DATA UNDER STUDY below:

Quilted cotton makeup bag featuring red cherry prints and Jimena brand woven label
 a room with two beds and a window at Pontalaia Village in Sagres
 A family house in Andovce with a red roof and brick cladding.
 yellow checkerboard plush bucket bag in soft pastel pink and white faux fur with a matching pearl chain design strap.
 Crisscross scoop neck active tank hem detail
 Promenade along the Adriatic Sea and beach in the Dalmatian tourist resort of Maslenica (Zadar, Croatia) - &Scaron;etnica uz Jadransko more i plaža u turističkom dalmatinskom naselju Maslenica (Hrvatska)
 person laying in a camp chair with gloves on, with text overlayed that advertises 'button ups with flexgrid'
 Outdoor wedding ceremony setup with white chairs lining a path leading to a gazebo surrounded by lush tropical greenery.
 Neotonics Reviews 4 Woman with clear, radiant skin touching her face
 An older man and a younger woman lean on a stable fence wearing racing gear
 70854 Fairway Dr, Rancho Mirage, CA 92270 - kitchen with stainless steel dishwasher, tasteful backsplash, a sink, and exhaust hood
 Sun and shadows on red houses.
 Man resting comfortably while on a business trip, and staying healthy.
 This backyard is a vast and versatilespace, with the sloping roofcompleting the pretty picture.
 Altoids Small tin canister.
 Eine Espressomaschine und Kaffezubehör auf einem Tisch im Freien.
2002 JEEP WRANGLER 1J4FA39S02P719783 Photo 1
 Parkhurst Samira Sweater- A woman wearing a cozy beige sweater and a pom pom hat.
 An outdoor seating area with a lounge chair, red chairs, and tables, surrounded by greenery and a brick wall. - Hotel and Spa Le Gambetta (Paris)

End of DATA UNDER STUDY.

EXERCISE BRIEF:
Up to and including the line with "Man resting comfortably", reproduce the material above exactly as it appears, starting from its first line.

EXERCISE SOLUTION:
Quilted cotton makeup bag featuring red cherry prints and Jimena brand woven label
 a room with two beds and a window at Pontalaia Village in Sagres
 A family house in Andovce with a red roof and brick cladding.
 yellow checkerboard plush bucket bag in soft pastel pink and white faux fur with a matching pearl chain design strap.
 Crisscross scoop neck active tank hem detail
 Promenade along the Adriatic Sea and beach in the Dalmatian tourist resort of Maslenica (Zadar, Croatia) - &Scaron;etnica uz Jadransko more i plaža u turističkom dalmatinskom naselju Maslenica (Hrvatska)
 person laying in a camp chair with gloves on, with text overlayed that advertises 'button ups with flexgrid'
 Outdoor wedding ceremony setup with white chairs lining a path leading to a gazebo surrounded by lush tropical greenery.
 Neotonics Reviews 4 Woman with clear, radiant skin touching her face
 An older man and a younger woman lean on a stable fence wearing racing gear
 70854 Fairway Dr, Rancho Mirage, CA 92270 - kitchen with stainless steel dishwasher, tasteful backsplash, a sink, and exhaust hood
 Sun and shadows on red houses.
 Man resting comfortably while on a business trip, and staying healthy.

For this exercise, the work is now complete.